What you should repeat is the run of lines from the top of the listing below through the line with "Seepferdchen zeichnen Schritt", exactly, with no pictures.
═══ Records
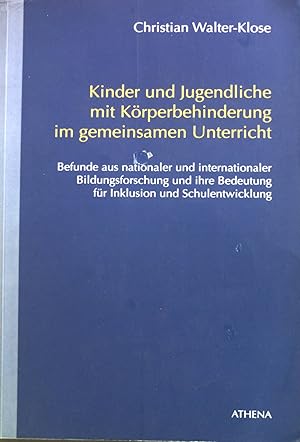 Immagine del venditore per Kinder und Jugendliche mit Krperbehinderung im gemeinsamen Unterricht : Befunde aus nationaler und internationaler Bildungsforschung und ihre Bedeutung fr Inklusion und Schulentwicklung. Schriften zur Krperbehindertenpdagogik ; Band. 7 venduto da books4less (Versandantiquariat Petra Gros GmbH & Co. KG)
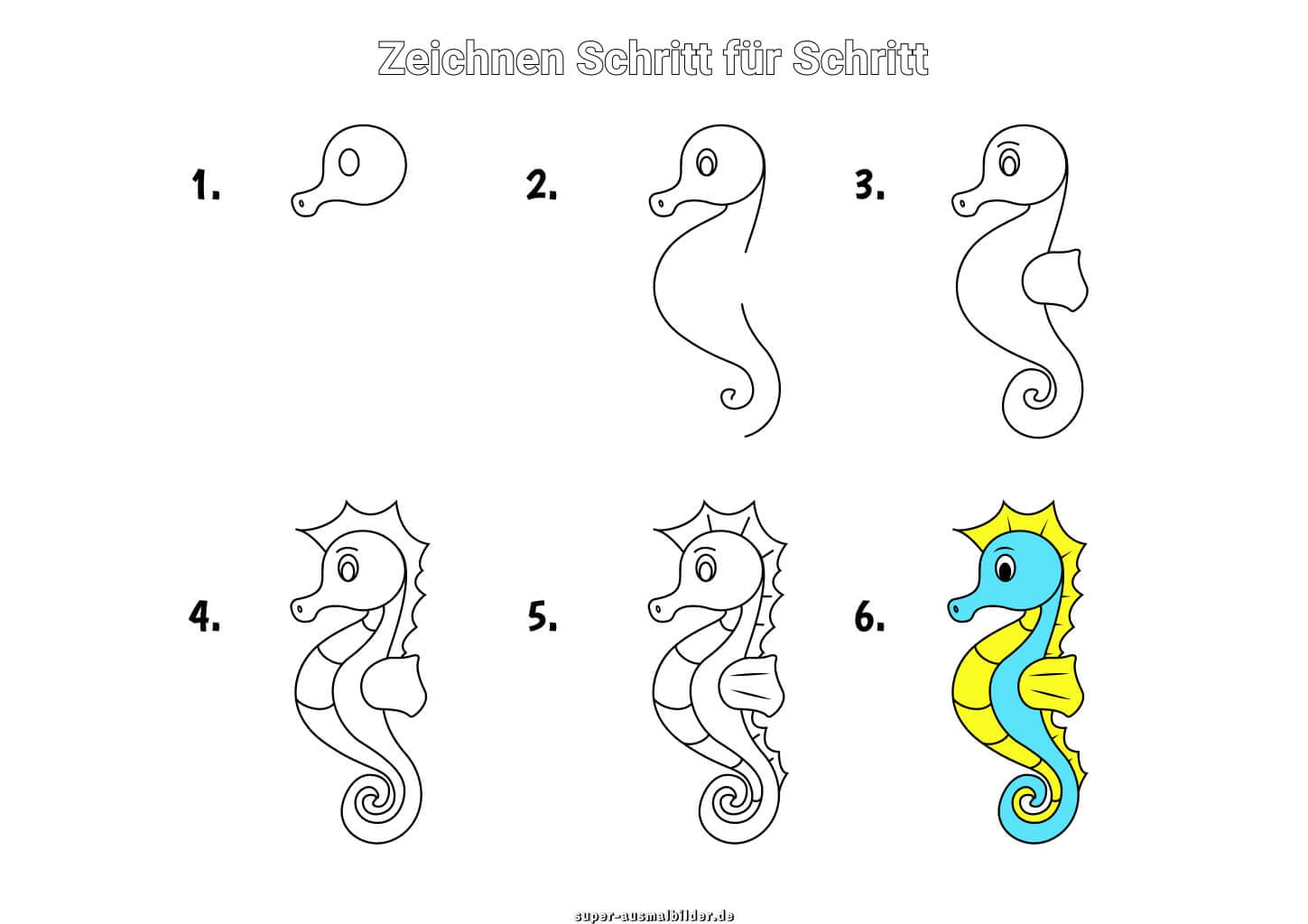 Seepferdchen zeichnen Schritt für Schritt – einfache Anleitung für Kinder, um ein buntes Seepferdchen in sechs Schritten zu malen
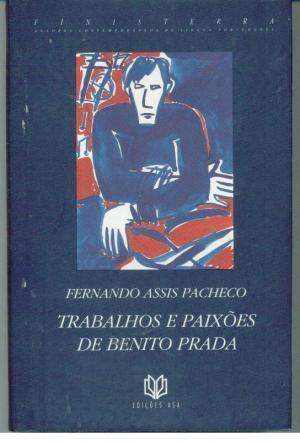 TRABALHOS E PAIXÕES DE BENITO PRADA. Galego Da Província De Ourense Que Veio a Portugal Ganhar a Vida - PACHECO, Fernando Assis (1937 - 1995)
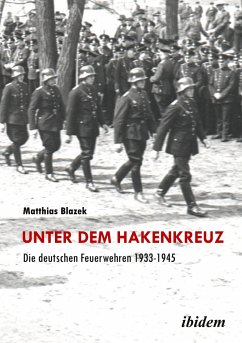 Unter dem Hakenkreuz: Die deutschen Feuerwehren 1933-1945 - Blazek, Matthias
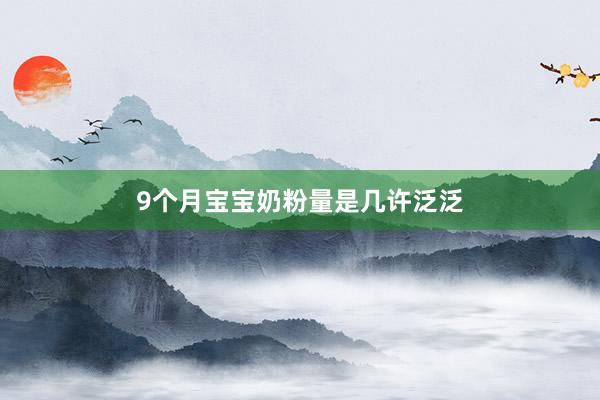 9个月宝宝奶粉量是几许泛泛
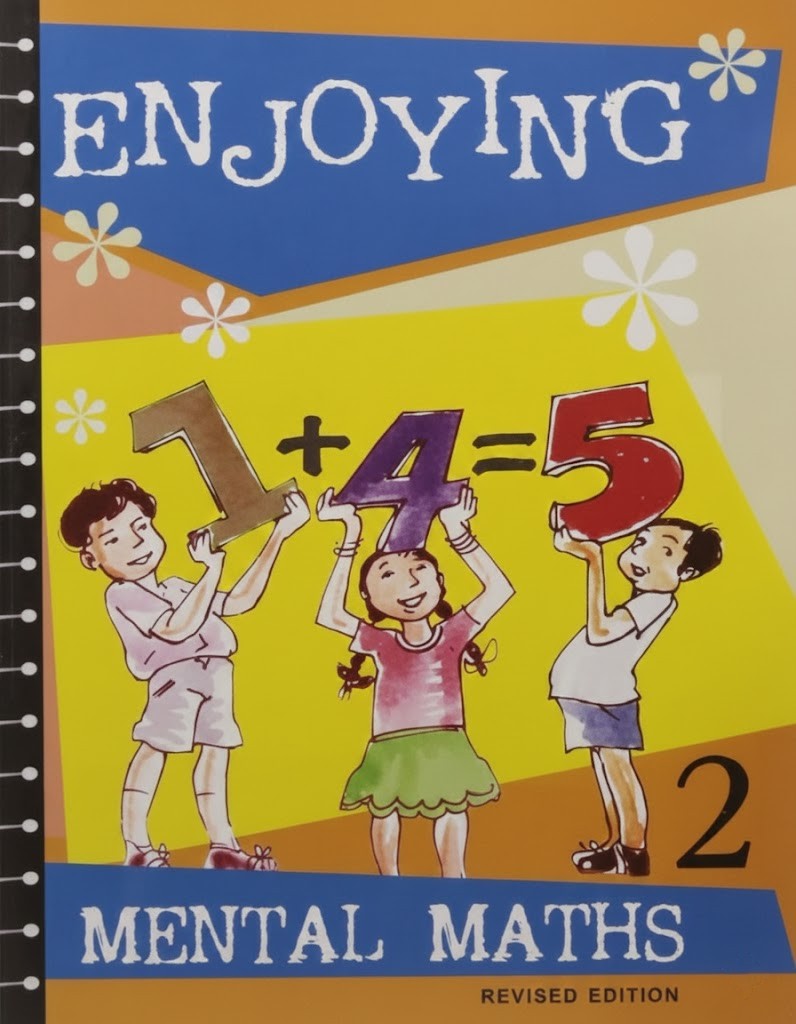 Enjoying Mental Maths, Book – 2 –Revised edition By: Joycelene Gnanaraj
══════
◆ **Solution for this exercise**:
 Immagine del venditore per Kinder und Jugendliche mit Krperbehinderung im gemeinsamen Unterricht : Befunde aus nationaler und internationaler Bildungsforschung und ihre Bedeutung fr Inklusion und Schulentwicklung. Schriften zur Krperbehindertenpdagogik ; Band. 7 venduto da books4less (Versandantiquariat Petra Gros GmbH & Co. KG)
 Seepferdchen zeichnen Schritt für Schritt – einfache Anleitung für Kinder, um ein buntes Seepferdchen in sechs Schritten zu malen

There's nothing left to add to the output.